Author Ujjawal Gupta
0 upvote

Introduction

This blog will discuss an Aho Corasick Algorithm used in pattern searching. Aho Corasick Algorithm is a crucial topic and is widely asked in various coding contests and multiple interviews. This blog will discuss what aho corasick algorithm is and its applications.

Also Read, Byte Array to String

Aho Corasick Algorithm

Aho corasick algorithm was given by Alfred Aho and Margaret corasick in 1975. This algorithm helps get all the occurrences of all the given sets of keywords. It is the type of dictionary-matching algorithm. It uses a trie data structure. After making the trie, it converts it into an automaton, due to which we can search in linear time. Aho corasick algorithm works in three different phases.

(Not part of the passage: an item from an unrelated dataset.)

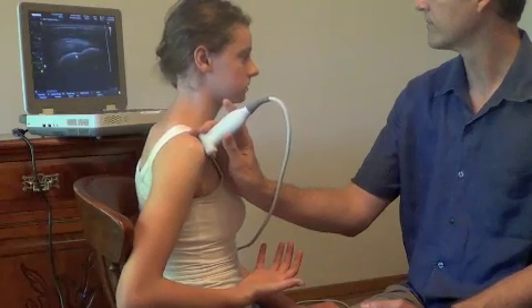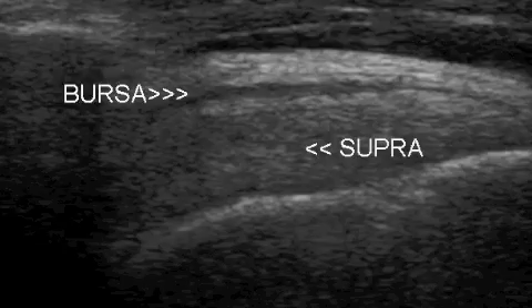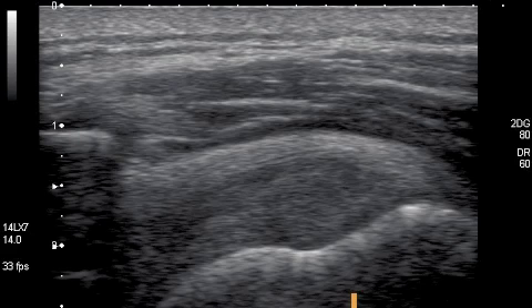Then turn the probe 90 degrees and scan the tendon in a longitudinal view. Look to see if the fibres are intact and uniform to suggest a normal tendon. If fibres are more hypoechoic and the tendon is thicker, it is showing signs of tendinosis.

These are:

  1. Go-To: This phase makes the trie using all the given keywords.
  2. Failure: This phase tries to find the backward transition to get the proper suffix of some keywords.
  3. Output: In this phase, it finds all the words that are ending at that stage for each state of automation.
     

Let’s understand more clearly by taking an example.

Example

Suppose we have to find whether the strings “ACG”, “ATC”, “CAT”, “GCG” is present in the string “GCATCG” or not.

The first phase is the Go-To phase, in which we have to build the trie-like data structure, which is shown in the below figure.

Source

As seen in the above figure, several failures links come into play when there is a mismatch in character. This is also known as the failure phase. When any mismatch occurs, then failure links refer the string to the substring with the most prefix match.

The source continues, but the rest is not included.